[Captioned web images]
- - - - -

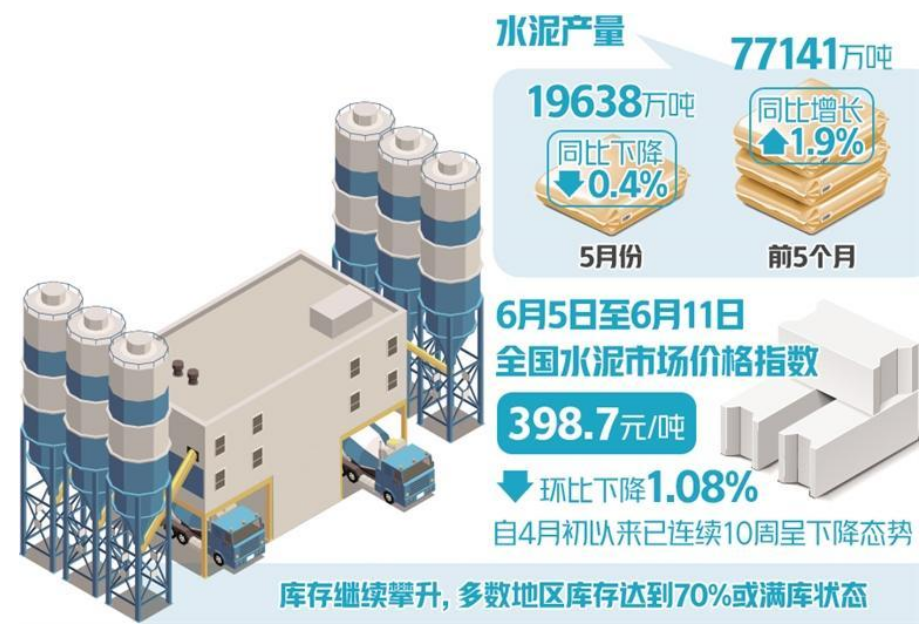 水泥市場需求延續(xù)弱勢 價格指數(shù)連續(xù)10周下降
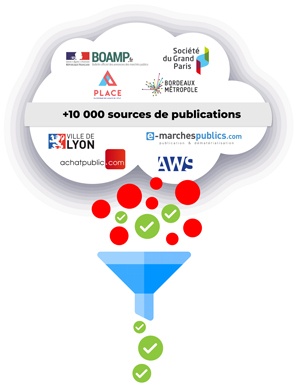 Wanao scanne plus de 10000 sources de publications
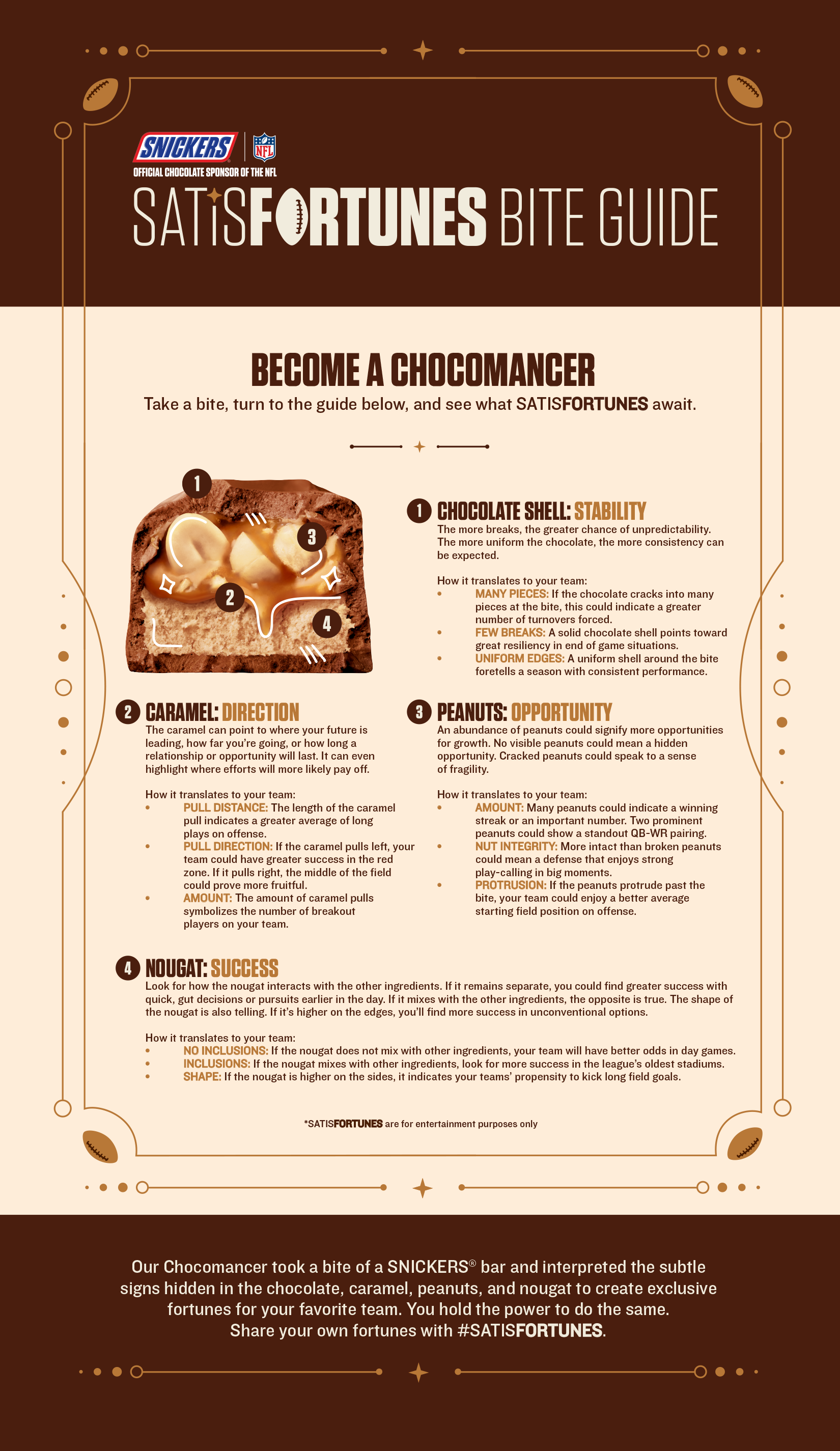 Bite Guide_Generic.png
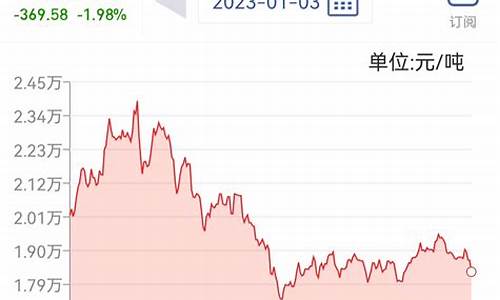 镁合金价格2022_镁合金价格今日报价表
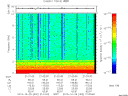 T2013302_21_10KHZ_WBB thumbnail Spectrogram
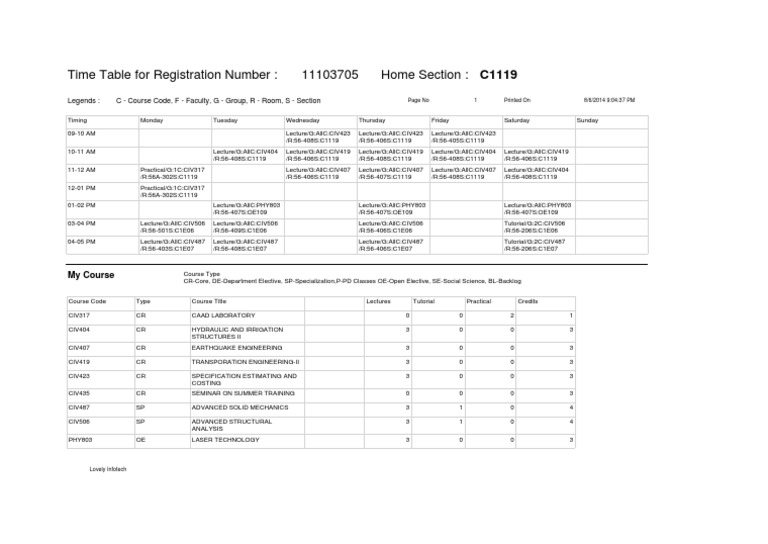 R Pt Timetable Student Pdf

- - - - -

## Exercise details
Only the records, copied exactly and free of pictures, belong in the answer.

## Exercise response
 水泥市場需求延續(xù)弱勢 價格指數(shù)連續(xù)10周下降
 Wanao scanne plus de 10000 sources de publications
 Bite Guide_Generic.png
 镁合金价格2022_镁合金价格今日报价表
 T2013302_21_10KHZ_WBB thumbnail Spectrogram
 R Pt Timetable Student Pdf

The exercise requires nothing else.